Bear in mind, i just got my bearings this morning, and have not yet put the machine back together.

Wrench and socket sizes I use were 8, 10,12,14 MM.

I did mine in this order:

Disconnect chute cable. 8 MM wrench on chute deflector.

Gently pry up chute cable retainer from "pulley cover".

Remove chute positioning shaft and worm gear from bucket. (bolt underneath)

Remove plastic "pulley" cover from between bucket and drive train. 3 or 4 bolts

Remove all ten bolts to separate the bucket from the drive train. 3 left, 3 right, 2 top, 2 bottom. I did top two last.

Carefully separate the two halves, un-threading the impeller belt from the engine pulley.

Remove rear-most shear pin on the impeller shaft.

Remove 3 auger bearing retainer bolts and 1 "axle" bolt from each side of the auger bucket.

Pull the whole auger assembly and impeller out the front and set aside. (Mine does not have a center brace for the gearbox. Yours may.)

Remove 3 impeller bearing retainer bolts holding the impeller shaft bearing in.

The pulley and impeller bearing will come out the rear of the bucket. 
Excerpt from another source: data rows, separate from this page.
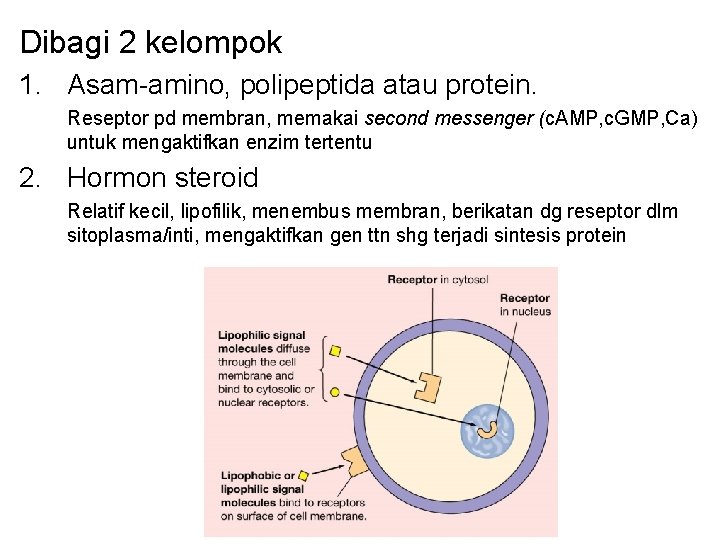 Dibagi 2 kelompok 1. Asam-amino, polipeptida atau protein. Reseptor pd membran, memakai second messenger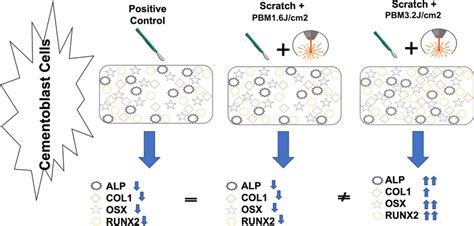 Schematic Representation Of The Scratch Assay And Gene Expression Results Download Scientific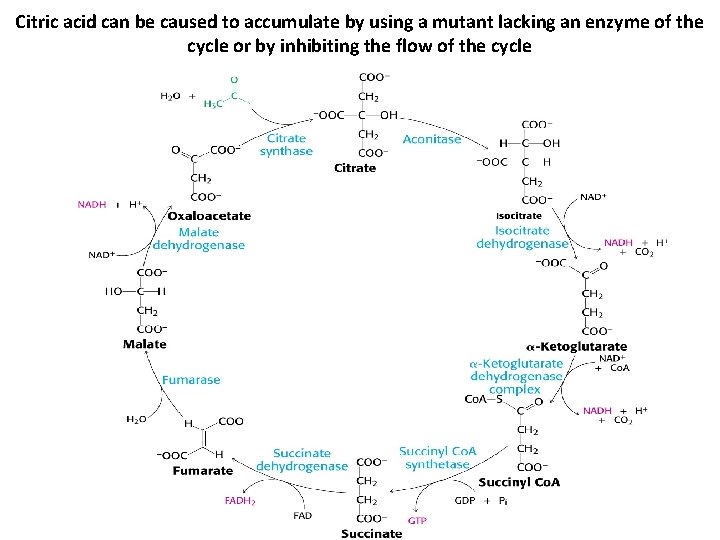 Citric acid can be caused to accumulate by using a mutant lacking an enzyme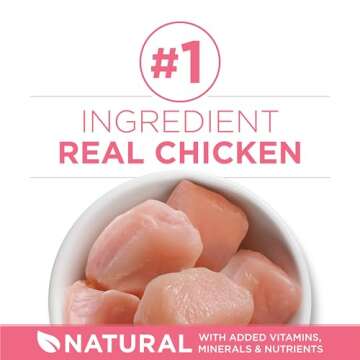 Purina ONE High Protein Kitten Food for Healthy Growth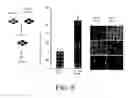 Fig. 12 - INHIBITION AND ENHANCEMENT OF REPROGRAMMING BY CHROMATIN MODIFYING ENZYMES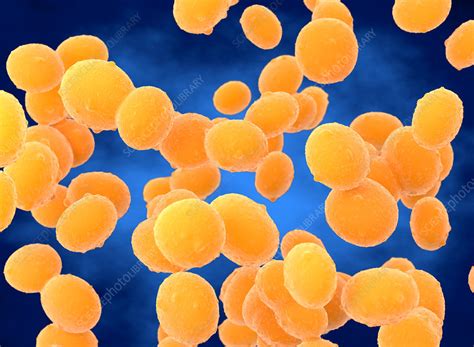 Staphylococcus Aureus Mrsa Bacteria Illustration Stock Image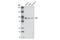 Flk antibody, 4268S, Cell Signaling Technology, Western Blot image 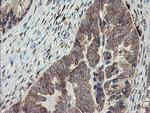 SNX8 Antibody in Immunohistochemistry (Paraffin) (IHC (P))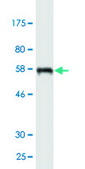 Monoclonal Anti-BKV VP1 antibody produced in mouse clone 3B2, purified immunoglobulin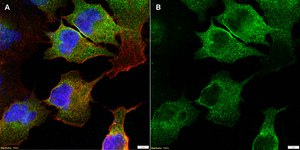 Anti-CD41/ITGA2B Antibody, clone 1F9 ZooMAb&#174; Rabbit Monoclonal recombinant, expressed in HEK 293 cells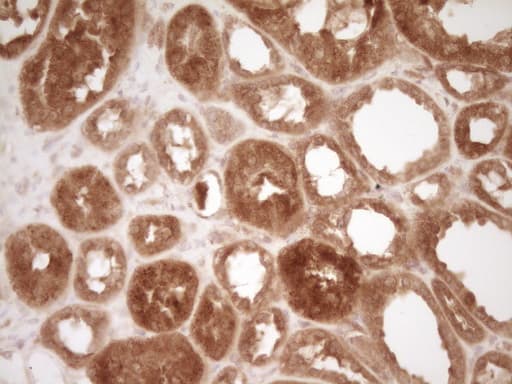 CD40 Antibody (aa21-166, clone OTI1F12)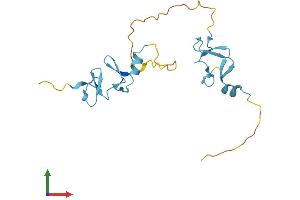 AlphaFold protein structure predicition of Human Recombinant CSRP1 Protein, UniprotID P21291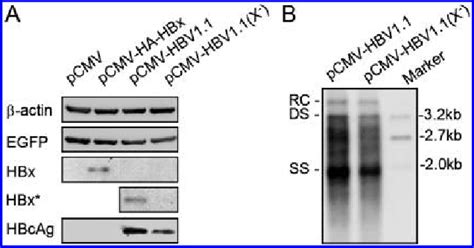 Validation Of Transfection Of Huh 7 Cells A Western Blot Analysis Of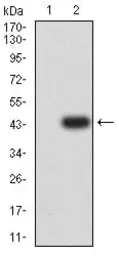 Anti-MUC5B antibody [7F5A1] used in Western Blot (WB). GTX04248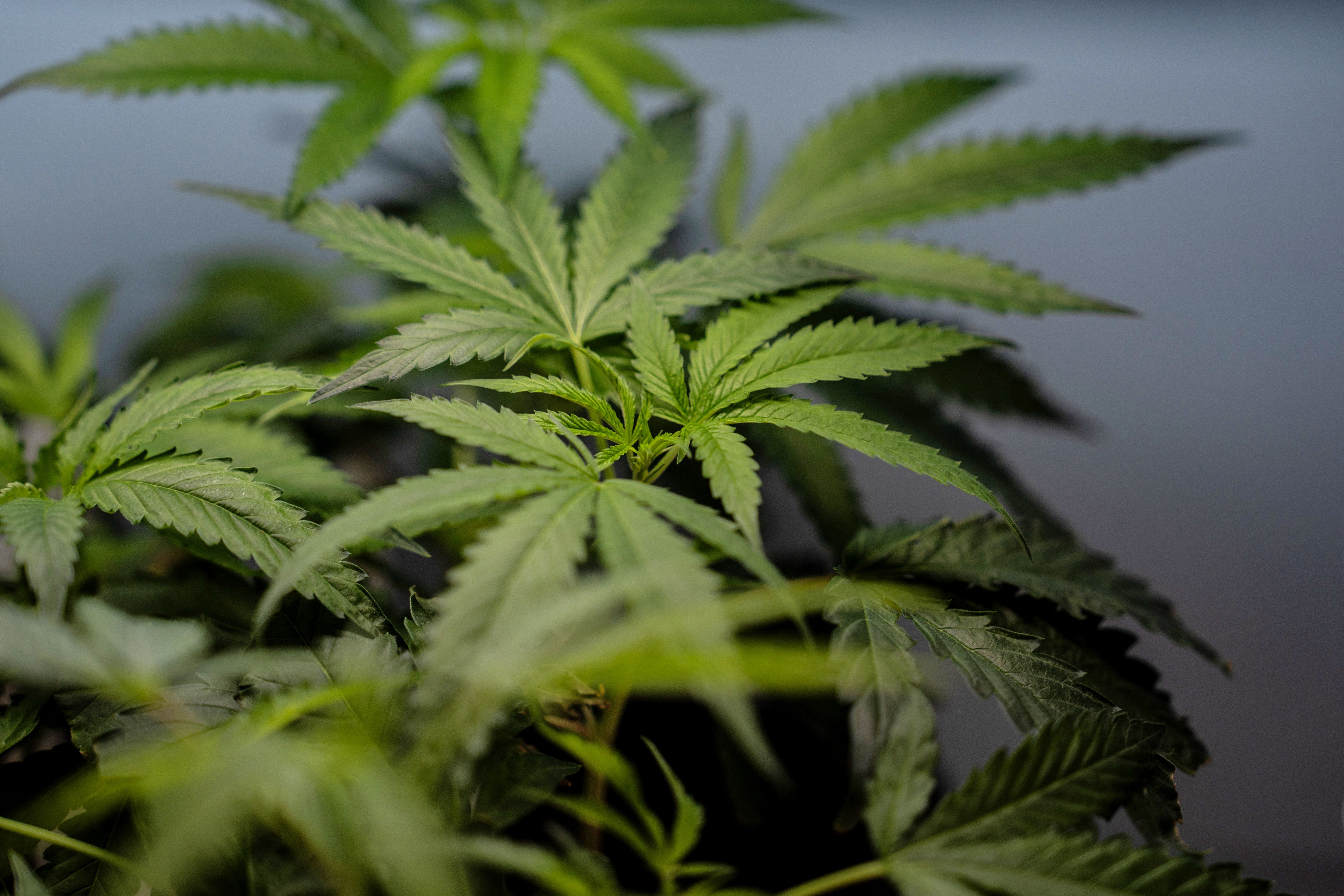 wral.com - GENE JOHNSON — Associated Press - DEA approvals could bring big tax benefits for medical marijuana businesses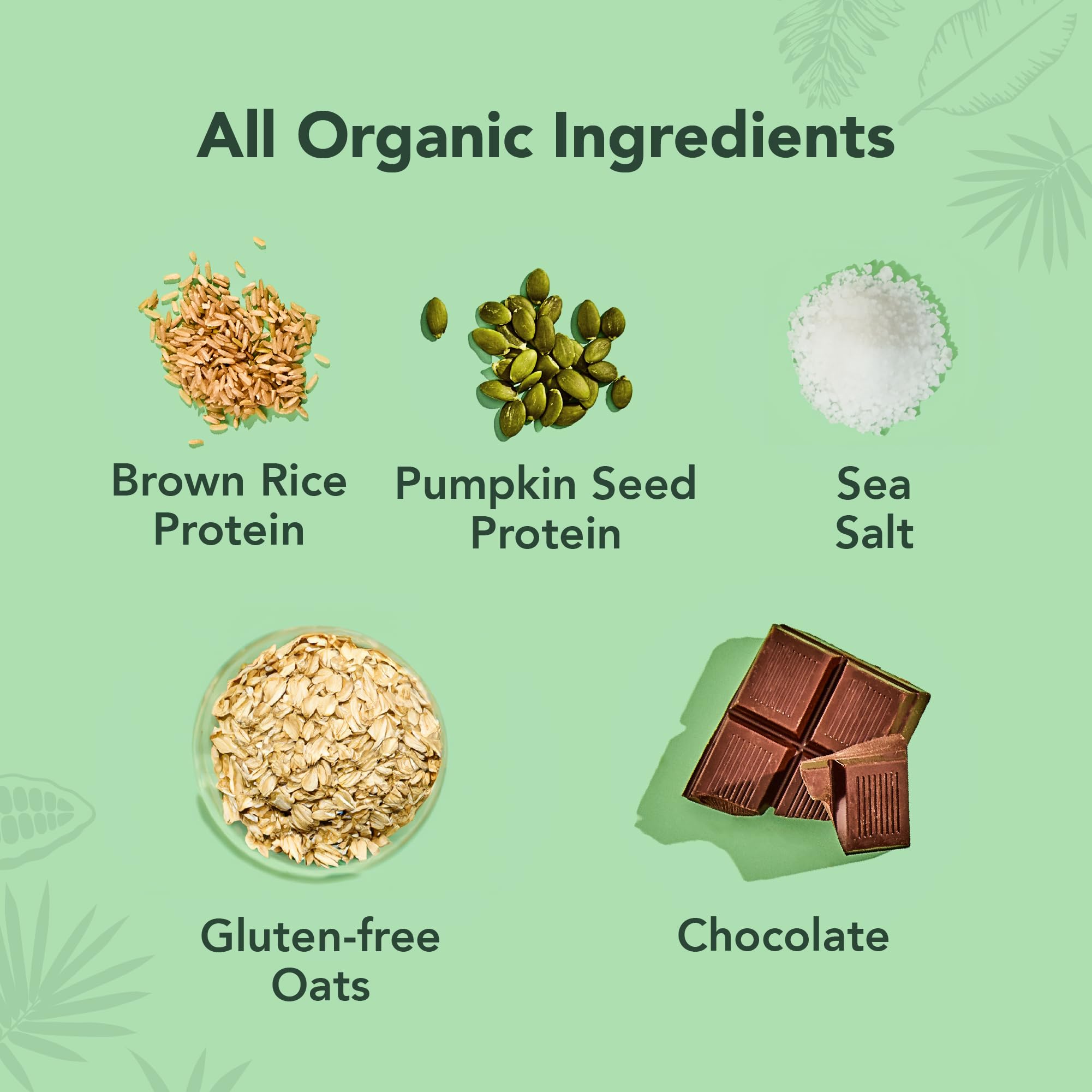 ALOHA Organic Plant Based Protein Bars |Peanut Butter Chocolate Chip | 1.98 Oz (Pack of 12) | Vegan, Low Sugar, Gluten Free, Paleo, Low Carb, Non-GMO, Stevia Free, Soy Free, No Sugar Alcohols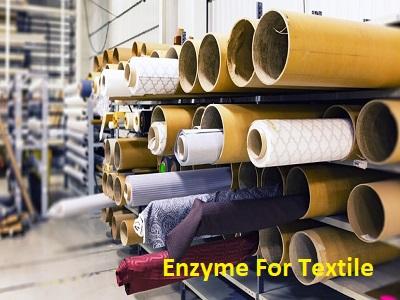 Enzyme For Textile Market to See Huge Growth by 2029| DuPont, AB Enzymes, Genotek Biochem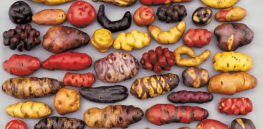 How gene editing could transform the humble potato into a sustainability powerhouse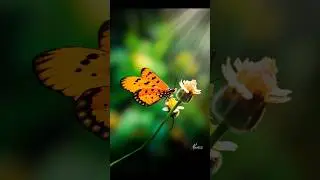 Butterfly🔥🦋❤ Photo editing #snapseed #photoediting #nsbpictures #picsart #shorts #photography #viral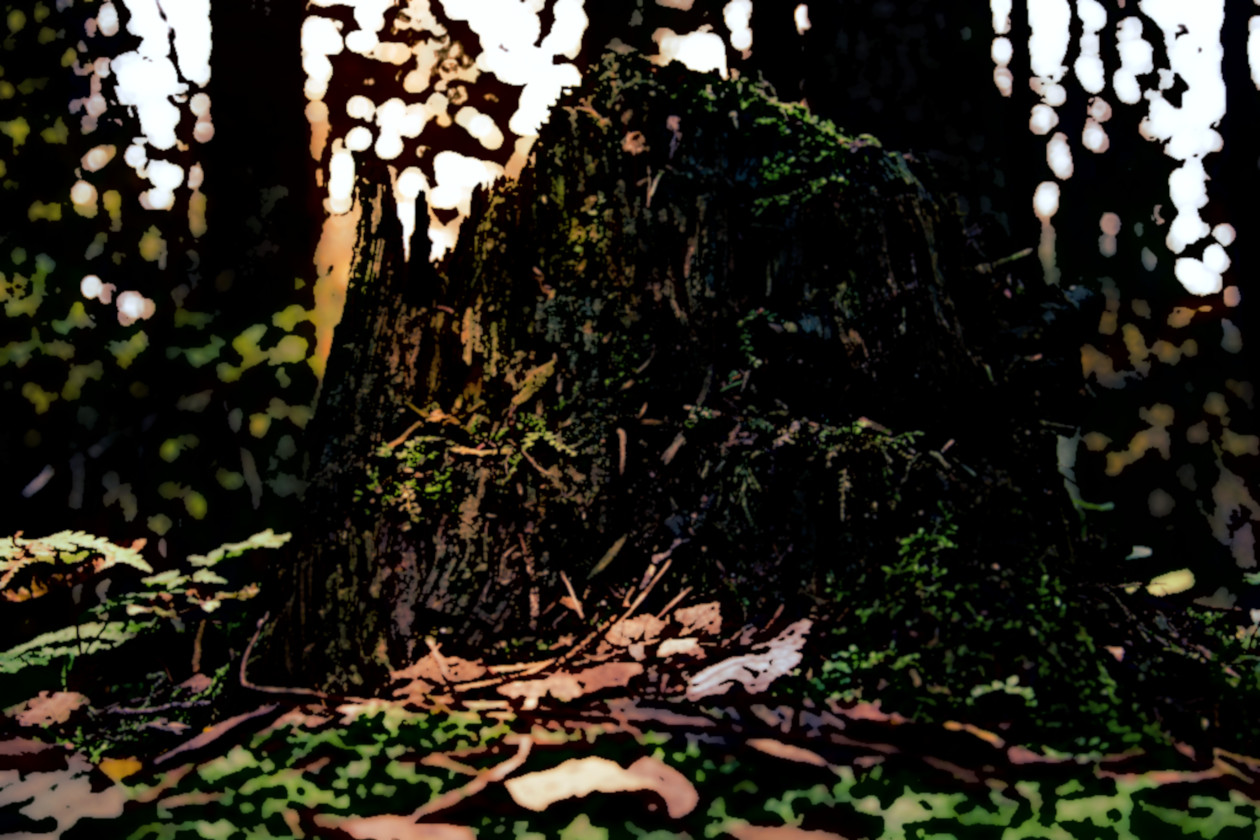 Update – The CoronaVirus – Why It’s Been Several Weeks Since My Last Post and Why It May be A While Before You Hear From Me Again.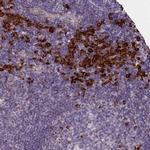 C16orf96 Polyclonal Antibody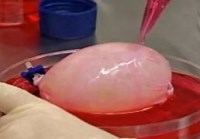 Laboratory Kidneys: Bioengineering Success Offers New Hope for Patients with Kidney Disease | Science Buddies Blog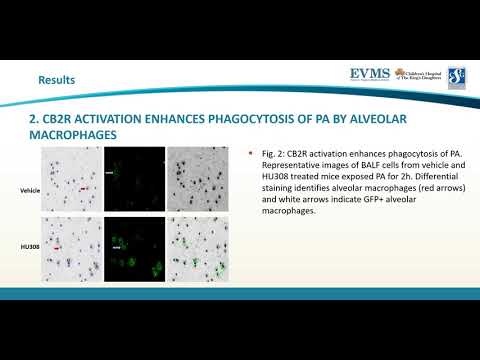 Thumbnail image of video presentation for Examining the role of cannabinoid-2 receptor activation in bacterial clearance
I had to gently tap the bearing off the shaft. Some people have reported a lot more difficulty with this step because if the bearing is TOO worn, it grooves the shaft. 

Hope this helps.


----------



## highdesignfool (Jan 23, 2017)

pjw73nh said:


> highdesignfool,
> 
> Bear in mind, i just got my bearings this morning, and have not yet put the machine back together.
> 
> ...




Thanks man


----------



## pjw73nh (Jan 29, 2015)

Well. Back to the saga of my HS828 K1 WAS. Got the new impeller bearing today. Slides on the pulley shaft rather easily. Good fit along MOST of the shaft, but then a little loose where it usually sits. After assemble to the impeller housing, there is still some radial play in the pulley/shaft/bearing. Not anywhere near as bad as it was with the old bearing. 

It appears that the bad bearing had, over time, worn a VERY slight/shallow groove in the pulley shaft where the bearing usually sits. The groove is about 5/1000's of an inch deep if that, and is exactly the width of the inner race. Clearly at some point the shaft has been slipping on the inner race. Not a lot, but some. There are no signs of heat or grinding. 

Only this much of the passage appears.